Hence $\mathsf P = \mathsf P^u _ {/\mathsf{poly} }$.

Consider

\[\mathsf{UHALT} = \lbrace 1^n \mid n\text{'s binary expansion encodes halting TM} \rbrace\]

then $\mathsf{UHALT}$ has constant sized circuits, but is undecidable and in particular, not in $\mathsf P$.

This result says that all problems in $\mathsf P$ have polynomially-sized circuits. Hence if there is some language in $\mathsf{NP}$ which does not have polynomial size circuits, it follows that $\mathsf P \ne \mathsf{NP}$.

We prove this by showing under the assumption $\mathsf{NP}$ has polynomial-size circuits, $\Pi _ 2\mathsf{SAT} \in \Sigma^p _ 2$.

Fix some instance $\varphi = \forall \pmb x \exists \pmb y \text{ } \varphi’$ of $\Pi _ 2 \mathsf{SAT}$.

Claim: $\varphi$ is a YES-instance iff there exists a circuit $D _ m$ of size $m^k$ such that for all $x$, $D _ m(\varphi(x, \cdot))$ outputs a satisfying assignment to $\varphi(x, \cdot)$, where “$\cdot$” denotes the variables that are the input to the formula.

In other words, $x \in \varphi$ iff $\exists D _ m \forall x \text{ }R(D _ m, x, \varphi)$ where the quantifiers are appropriately polynomially bounded. Note that this predicate can be decided in polynomial time and this gives an algorithm for solving $\Pi _ 2\mathsf{SAT}$ in $\Sigma^p _ 2$.

By the assumption, we may assume that there is a sequence of polynomial-size circuits $\lbrace C _ m \rbrace$ of size $m^k$ which output a satisfying assignment to an input formula $\varphi$ of size $m$ if $\varphi$ is satisfiable.

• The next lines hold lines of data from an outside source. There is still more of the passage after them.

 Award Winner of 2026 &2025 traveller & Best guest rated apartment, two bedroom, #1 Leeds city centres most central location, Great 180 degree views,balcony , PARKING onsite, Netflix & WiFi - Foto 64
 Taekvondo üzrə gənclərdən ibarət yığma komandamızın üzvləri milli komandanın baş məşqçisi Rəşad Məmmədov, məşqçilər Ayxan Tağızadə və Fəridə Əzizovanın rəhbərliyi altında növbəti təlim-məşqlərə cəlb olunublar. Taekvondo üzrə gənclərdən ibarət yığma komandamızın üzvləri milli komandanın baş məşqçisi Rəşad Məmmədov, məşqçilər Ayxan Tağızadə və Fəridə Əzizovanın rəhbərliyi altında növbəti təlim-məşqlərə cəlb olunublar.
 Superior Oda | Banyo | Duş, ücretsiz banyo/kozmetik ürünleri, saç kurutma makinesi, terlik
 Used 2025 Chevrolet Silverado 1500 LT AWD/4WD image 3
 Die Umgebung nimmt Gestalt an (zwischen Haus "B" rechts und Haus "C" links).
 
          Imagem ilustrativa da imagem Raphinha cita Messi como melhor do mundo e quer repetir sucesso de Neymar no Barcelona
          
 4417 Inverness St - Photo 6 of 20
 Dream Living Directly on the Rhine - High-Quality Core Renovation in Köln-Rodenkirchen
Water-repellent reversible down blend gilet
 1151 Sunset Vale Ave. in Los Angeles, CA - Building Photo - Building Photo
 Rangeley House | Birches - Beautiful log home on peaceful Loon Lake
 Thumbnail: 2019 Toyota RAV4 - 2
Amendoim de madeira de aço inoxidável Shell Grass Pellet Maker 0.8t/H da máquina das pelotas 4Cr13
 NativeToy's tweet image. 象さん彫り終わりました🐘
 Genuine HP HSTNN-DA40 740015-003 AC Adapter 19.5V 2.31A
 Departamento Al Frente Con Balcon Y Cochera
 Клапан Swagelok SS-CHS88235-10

For the forward implication, if $\varphi$ is a YES instance, for every $x$, $\varphi(x, \cdot)$ is satisfiable. By the correctness of the circuits $C _ m$, taking $D _ m = C _ m$ is a valid guess for which $D _ m(\varphi(x, \cdot))$ always outputs a satisfying assignment, and hence we are done.

For the backward implication, if there is a $D _ m$ such that for each $x$, $D _ m(\varphi(x, \cdot))$ outputs a satisfying assignment, then for each $x$, $\varphi(x, \cdot)$ is satisfiable, which implies that for each $x$, there exists $y$ such that $\varphi(x, y)$ holds, and hence $\varphi$ is a YES-instance.

We may choose $m$ to be a fixed polynomial in the number of clauses of $\varphi$ and the length of $y$.

@example~ @sheets~

\[\mathsf{CVP} = \lbrace \langle C, x\rangle \mid C \text{ Boolean circuit that evaluates to }1\text{ on }x\rbrace\]

$\mathsf{CVP}$ is $\mathsf P$-hard: Let $L \in \mathsf P$ be a language with corresponding polynomial time decider $M$. Since $\mathsf P \subseteq \mathsf P _ {/\mathsf{poly} }$, $L$ has polynomial-sized circuits $\lbrace C _ n\rbrace$ and the proof that $\mathsf P \subseteq \mathsf P _ {/\mathsf{poly} }$ establishes that $C _ n$ can be constructed in logarithmic space given $1^n$.

Hence there is a log-space m-reduction $f$, which given $x$, computes $C _ { \vert x \vert }$ from $1^{ \vert x \vert }$ in logarithmic space and outputs $\langle C _ { \vert x \vert }, x\rangle$, hence this is an m-reduction.

$\mathsf{CVP}$ is in $\mathsf P$: Given a circuit $C$ and input $x$, sort the gates of $C$ in topological order, and then evaluates the gates in increasing order, storing the value at each gate. Since any gate can be evaluated in constant time given its input values, this takes polynomial time in total.

There is a logspace computable function mapping $1^n$ to the description of the circuit $C _ n$.

$\mathsf P$ is the class of languages decided by logspace-uniform circuits of polynomial size.